Given these entries, repeat exactly the lines starting with the one that has "Stephen Curry Full" and going on through the one that has "Polres Bojonegoro Ungkap", both included, but none of the pictures.

_THE RECORDS_:
▼

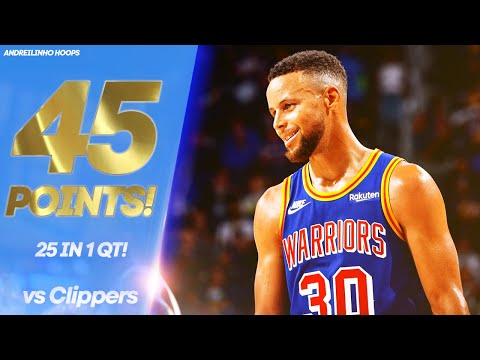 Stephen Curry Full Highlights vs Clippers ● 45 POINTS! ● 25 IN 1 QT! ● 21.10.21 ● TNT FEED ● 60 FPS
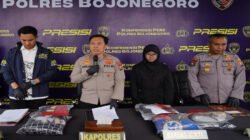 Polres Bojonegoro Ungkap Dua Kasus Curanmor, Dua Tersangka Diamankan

▲
▼

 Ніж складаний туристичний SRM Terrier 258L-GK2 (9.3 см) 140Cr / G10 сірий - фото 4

▲
▼

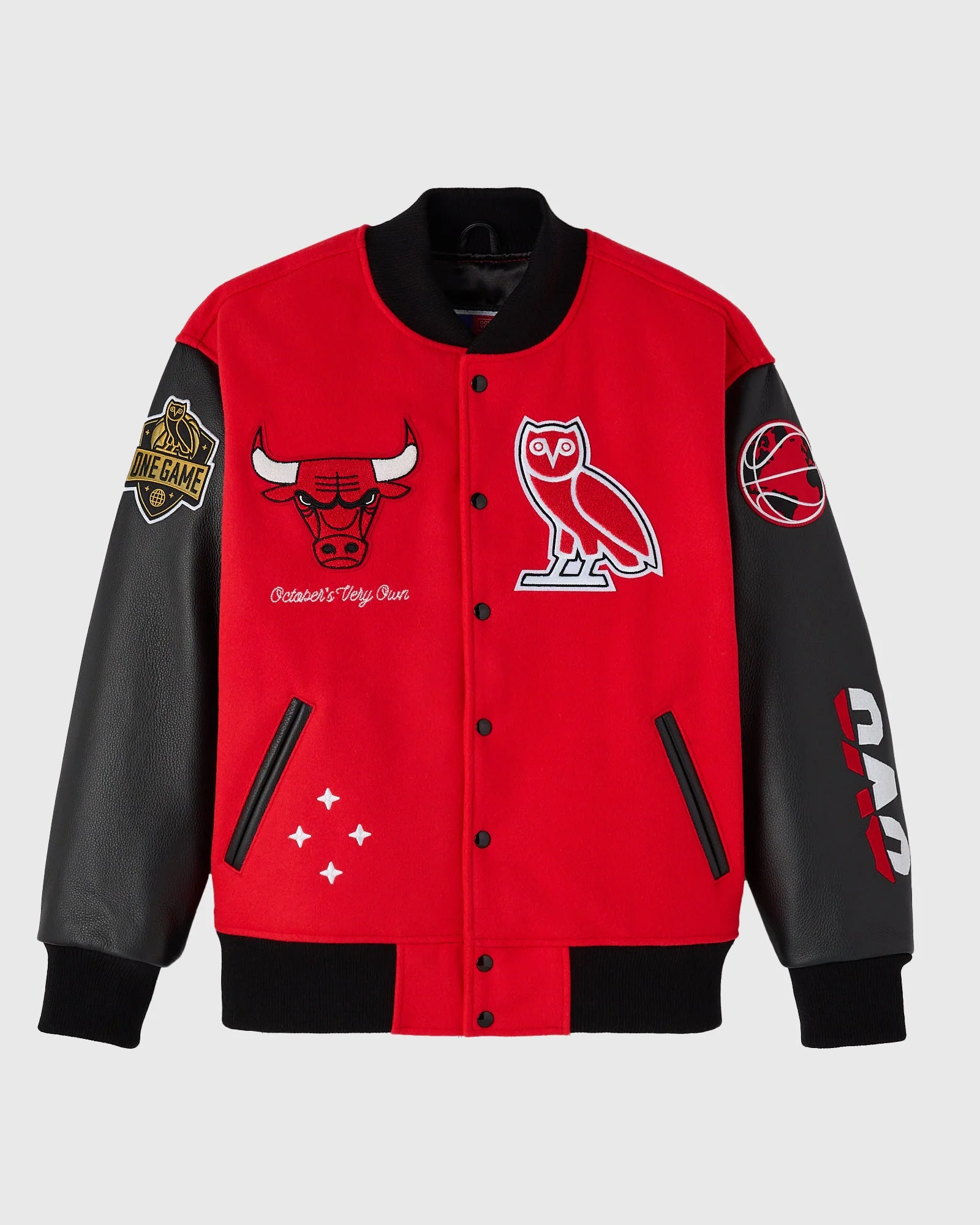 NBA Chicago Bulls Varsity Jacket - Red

▲

_RESULT OF THIS EXERCISE_:
 Stephen Curry Full Highlights vs Clippers ● 45 POINTS! ● 25 IN 1 QT! ● 21.10.21 ● TNT FEED ● 60 FPS
 Polres Bojonegoro Ungkap Dua Kasus Curanmor, Dua Tersangka Diamankan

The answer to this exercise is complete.